* GOAL OF THE EXERCISE
Using the data below, set down every line from the one containing "Anello in oro" through the one containing "570 Malibu Dr Se #1 - Photo 2 of 24", inclusive and unchanged. Pictures are to be skipped.
EXCERPTED DATA START
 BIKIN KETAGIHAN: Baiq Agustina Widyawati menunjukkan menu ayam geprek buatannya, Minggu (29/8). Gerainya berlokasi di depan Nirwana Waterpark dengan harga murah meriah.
EXCERPTED DATA END
EXCERPTED DATA START
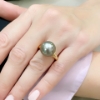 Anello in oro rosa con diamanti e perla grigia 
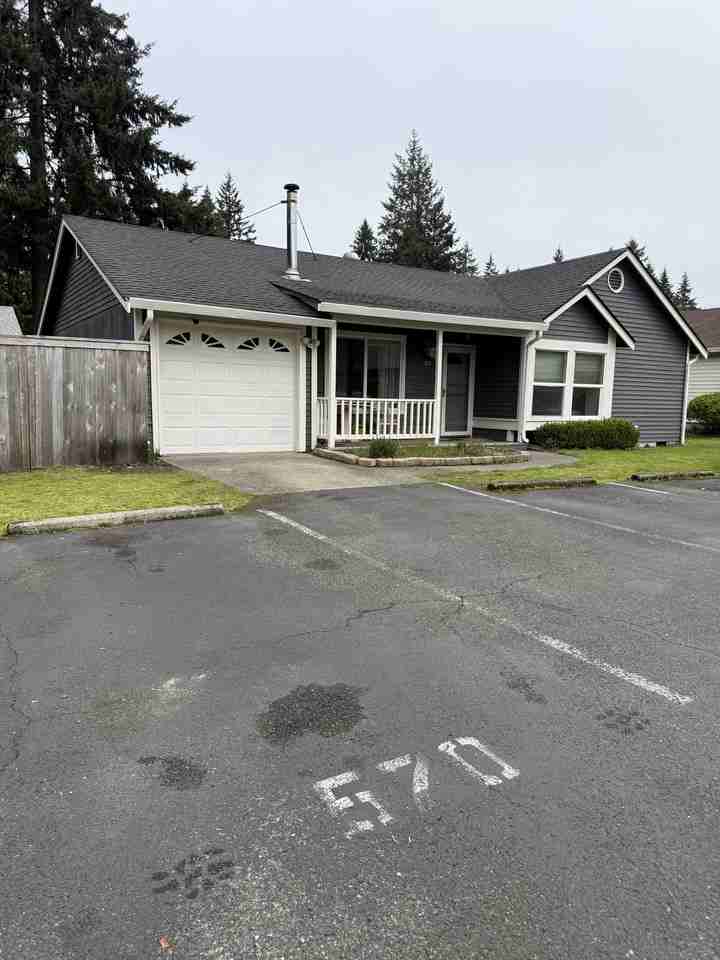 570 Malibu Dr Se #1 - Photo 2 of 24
EXCERPTED DATA END
* SOLUTION
 Anello in oro rosa con diamanti e perla grigia 
 570 Malibu Dr Se #1 - Photo 2 of 24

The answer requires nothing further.